What happens if someone does come forward who demonstrably holds rights over the items? We'd have to not only change our access conditions, but potentially track down anyone who had copied the materials and request similar procedures, which, in an open-slather situation, could be difficult.

I agree fully with an open-source informational environment, but wouldn't go as far as the 'open-slather' environment that you suggest. Multiple, freely-available, digital copies is a good thing. But any sites that store local copies for free distribution should be constrained by the conditions of the originator. I don't think this is too much to ask, for a potential distributor of grammars to have expressed permission to distribute from the creator of the material. Since the material is open-source, the creator would probably have no issue with it, and it means that if any issue arises, they know who is distributing their intellectual property and can act accordingly.

To sum it up, 'freedom of information' to me, means that it costs the end-user nothing monetarily, but not necessarily that they don't have to go through the normal hoops in finding that material.

Perhaps it's nothing to be surprised about but so far the arguments I posted have been ignored. Why raise the issue in a blogpost if you do not want to debate the issue?
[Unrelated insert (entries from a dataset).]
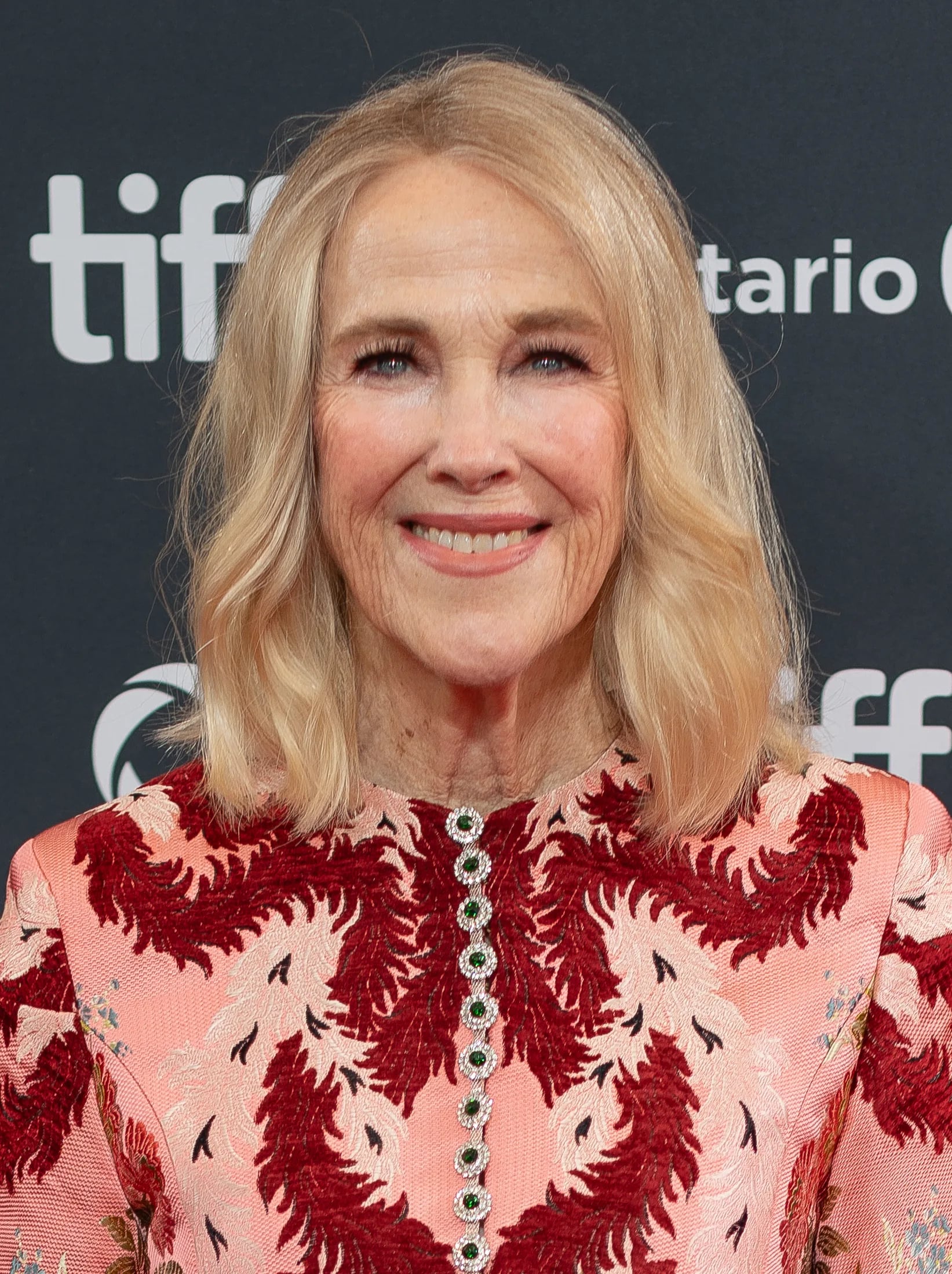 Portrait of Catherine O’Hara (1954–2026) – memorial page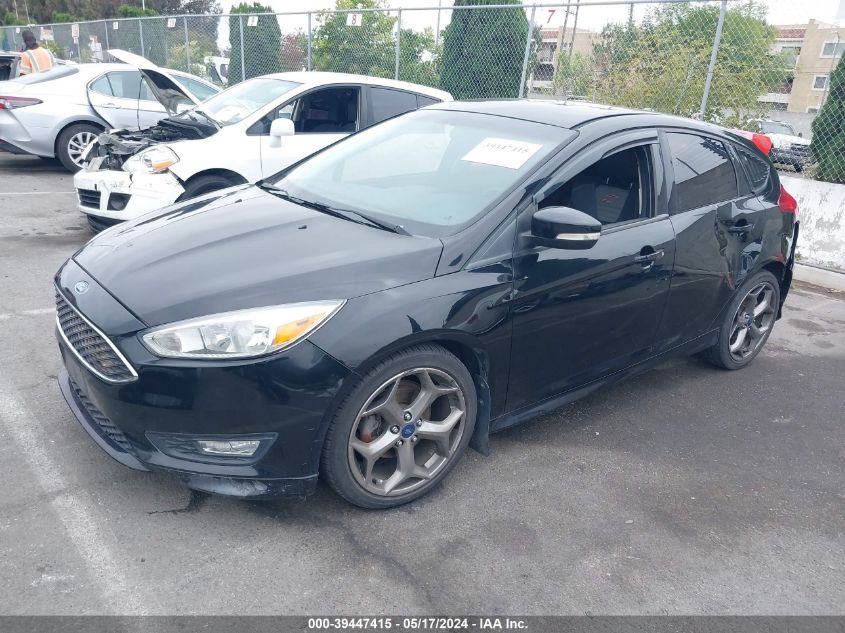 2016 Ford Focus Se VIN: 1FADP3K28GL258374 Lot: 39447415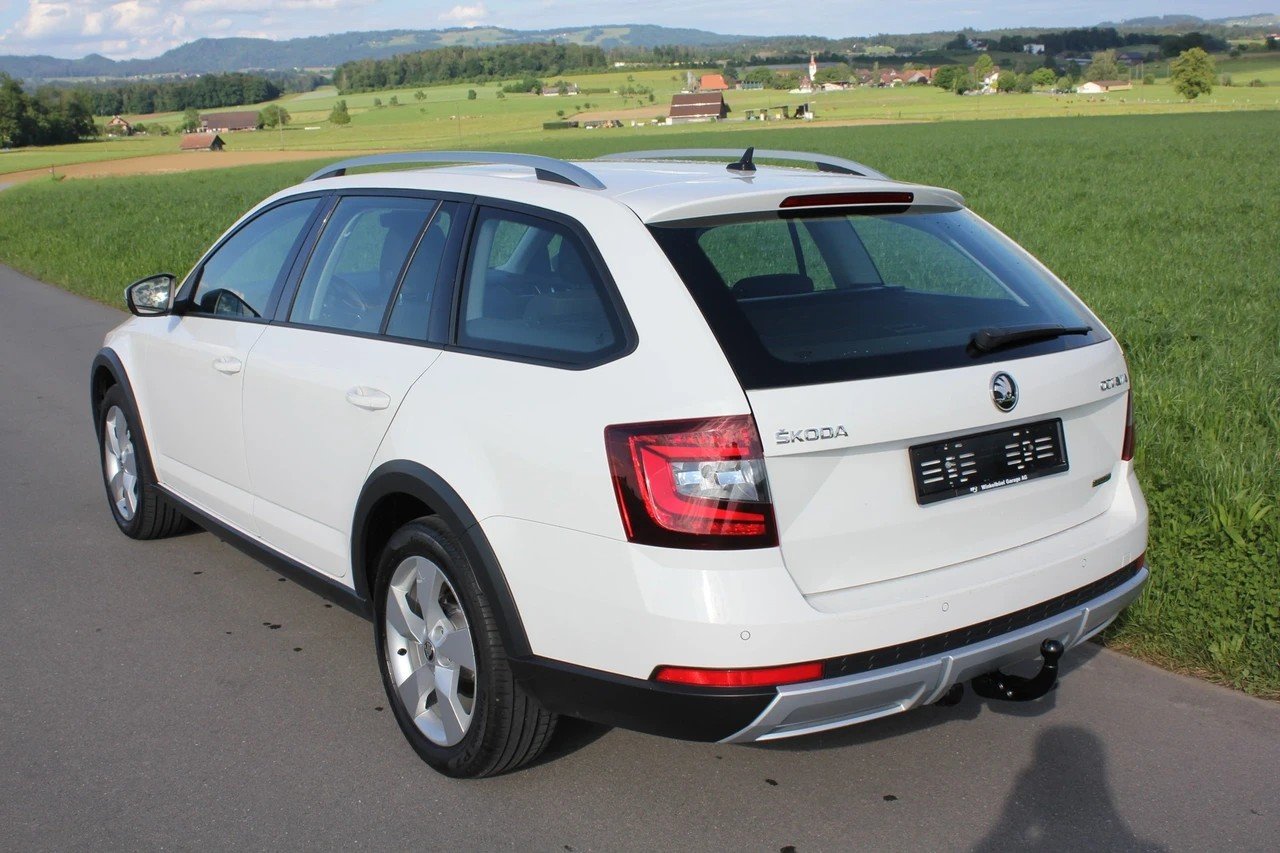 SKODA Octavia Combi 2.0 TDI Scout 4x4 mit Anhängerkupplung, Diesel, Occasion / Utilisé, Manuelle - 4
Aidan's post misses the points. First, as to the unequivocal copyright notice, I don't remember seeing that particular formulation earlier, but as I have iterated clearly, I knew anyway that it was technically not legal to distribute local copies. So there is no issue whatsoever there. Second, the fact that PARADISEC too illegally spreads copyrighted material is no argument against an open slather policy. The invitation for holders to come forward is worth nothing legally, and subsequent spreading by other entities than the original spreader are separate cases of copyright violation.

Third, yes of course any users of open-access materials should abide by the intentions of the originator. The question is, if the originator is
a researcher and the material he/she produced is
not commercially interesting, what kind of restrictions would he/she want to put on it? For example, the originator might want that any reader should perform a somersault (clearly non-monetary) before reading. No originator of research data I know does this, because it would be completely alien to his/her goals. Similarly, it should lie in the originator's intererest to remove any other restrictions that are also alien to his/her goals. Whether a hurdle is normal or traditional has no relevance at all. Open access is great, but as I have argued, open slather is even better. These arguments are intended to convince originators in the field of linguistics that open slather is a superior policy. They are not arguments that sanction gratuitous misuse of intentions and agreements of existing resources.